Whether it’s a gust of wind, a bad break or, say, an insurgent rival tour assailing the norms of the professional landscape, golfers don’t particularly like things out of their control. In a sport that is exceedingly individualistic, they don’t take kindly to disorder.
Perhaps that’s why, during last week’s Wyndham Championship, Davis Love III suggested that in the ongoing battle between the PGA Tour and LIV Golf, it’s still the traditional tour players who carry the most sway. Why?
“(If) we don’t want those (LIV) guys playing, we don’t care what the courts say, our only option really, the nuclear option is to say, well, fine, if they have to play in our events , we just won’t play,” Love said.
Love is a statesman of sorts. He’s a 58-year-old with 21 career tour victories, multiple Ryder Cup captaincies and a current post as US Presidents Cup team captain. He’s sat on the PGA Tour’s Player Advisory Council. He was part of the tour’s counterstrike against Greg Norman’s incipient World Golf Tour in 1994. Love’s voice has weight.
So to hear Love speak openly of a strike or boycott in professional golf was, well, nothing short of jarring. The PGA Tour’s 175 card-carrying members are not members of a labor union. They are independent contractors with no collective bargaining. There has never been a labor-related work stoppage in tour history.

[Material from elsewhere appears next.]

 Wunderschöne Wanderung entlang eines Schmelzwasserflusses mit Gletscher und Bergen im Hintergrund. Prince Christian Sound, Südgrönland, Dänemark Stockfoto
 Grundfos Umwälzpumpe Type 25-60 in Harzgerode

But, hey, if threatened, those players could indeed band together.
That is exactly what happened when Phil Mickelson, Bryson DeChambeau and eight other golfers suspended by the PGA Tour for joining LIV filed an antitrust lawsuit against the tour. A direct threat. As Justin Thomas told No Laying Up in June of the then-expected, now-actual lawsuit: “They’re suing me. They’re suing Rory. They’re suing Tiger. They’re suing every single one of us that they’ve looked in the face, looked in the eyes and played rounds of golf with, played on Cup teams with, shared moments with.”

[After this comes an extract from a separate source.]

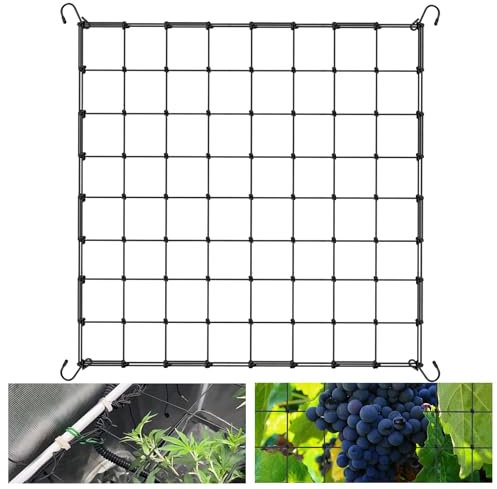 Lithyc Red De Tienda De Cultivo-Red De Soporte para Frutas-Red De Enrejado De Plantas-Se Utiliza para Redes De Soporte para Plantas De Verduras, Frutas Y Flores (Adecuado para bastidores 80/200)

Thus, as a united front, PGA Tour players can hit back.
Prior to Wyndham, in a separate interview with The AthleticLove expanded on the idea.

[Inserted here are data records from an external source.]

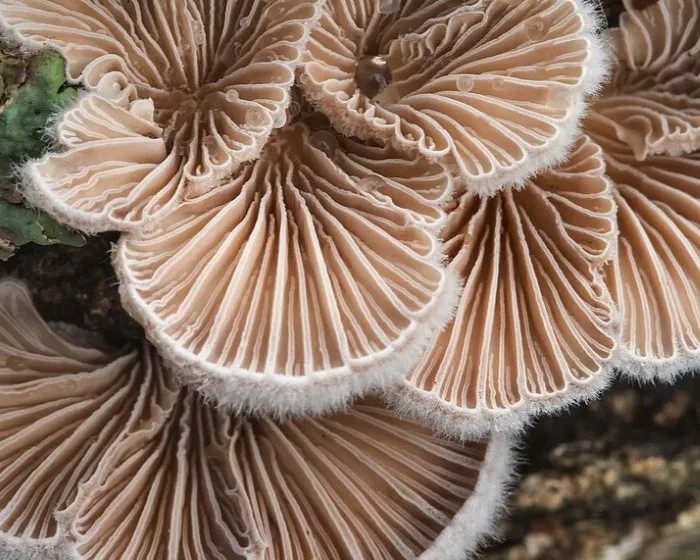 Gemeiner Spaltblättling - Schizophyllum commune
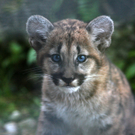 ZooSBG_Puma_Maedchen.jpg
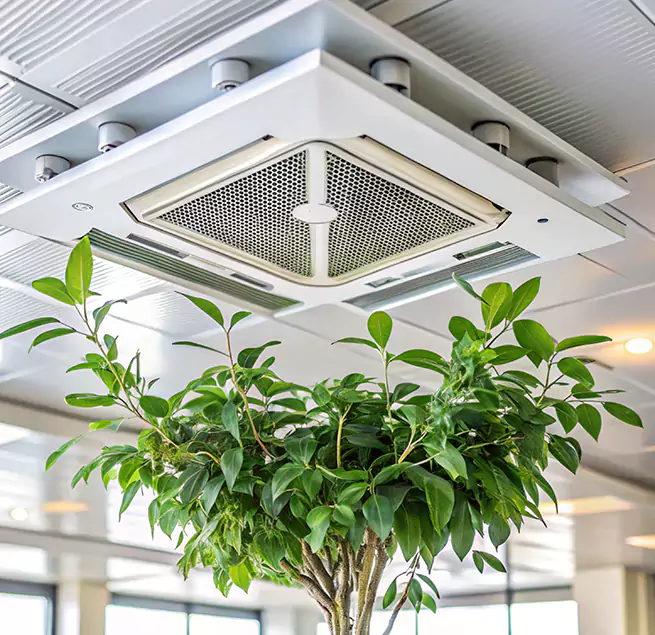 Why Homeowners & Businesses Trust Us in Victorville, CA?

“If 200 players say, ‘All right, we’re not playing the majors and we’re not playing any PGA Tour events if these guys are allowed to play. We go on strike.’ That solves it. Then it’s over,” Love said. “Because that says to the FTC and the IRS and to the sponsors and to (PGA Tour commissioner Jay Monahan): ‘We support the PGA Tour’s rules and if you don’t enforce the rules, then we’re not playing.’”
That, the theory goes, is what makes the boycott option potentially enticing. As one current PGA Tour pro said in a text message: “I don’t think guys would actually do it but that would be the end of all this. Sit out a Masters and it’s all over.” Multiple players spoke to for this piece indicated the same, that if it should ever come to it, a strike serves as the ultimate checkmate.
Charley Hoffman, one of four current player directors on the PGA Tour’s Player Advisory Council, said: “I’d be lying if I said there’s been much conversation about that, but I think, hypothetically, it could happen.”
Except…
There also exists the reality that a boycott or strike is implausible or, at least, ill-advised.
One, a work stoppage could further bolster the LIV golfers’ claim of the PGA Tour as a monopoly.
Two, it could serve as a standalone add-on claim that itself is an anti-trust violation.
As part of the Mickelson et al v. PGA Tour suit, the plaintiffs are alleging, among other things, that the tour’s conduct behavior in trying to stifle LIV has been “patently exclusionary, anticompetitive and unlawful under the Sherman Act.” Nathaniel Grow, an associate professor of business law and ethics at the Kelley School of Business at Indiana University, points out that a group boycott of a tournament could only strengthen the LIV golfers’ case under Section 2 of the Sherman Act.
“The idea of a group boycott of something like the Masters or another tournament would be a potential data point that an illegal monopoly is maintained through unlawful means,” Grow said.
Moreover, just speaking aloud of the possibility of a boycott could find its way into the current suit.
“Love’s comments could eventually be used as additional proof that (the tour is) engaging in unlawful behavior,” said Grow, who specializes in federal antitrust and labor law in US professional sports. “Just floating the possibility could theoretically do as much damage as a boycott itself.”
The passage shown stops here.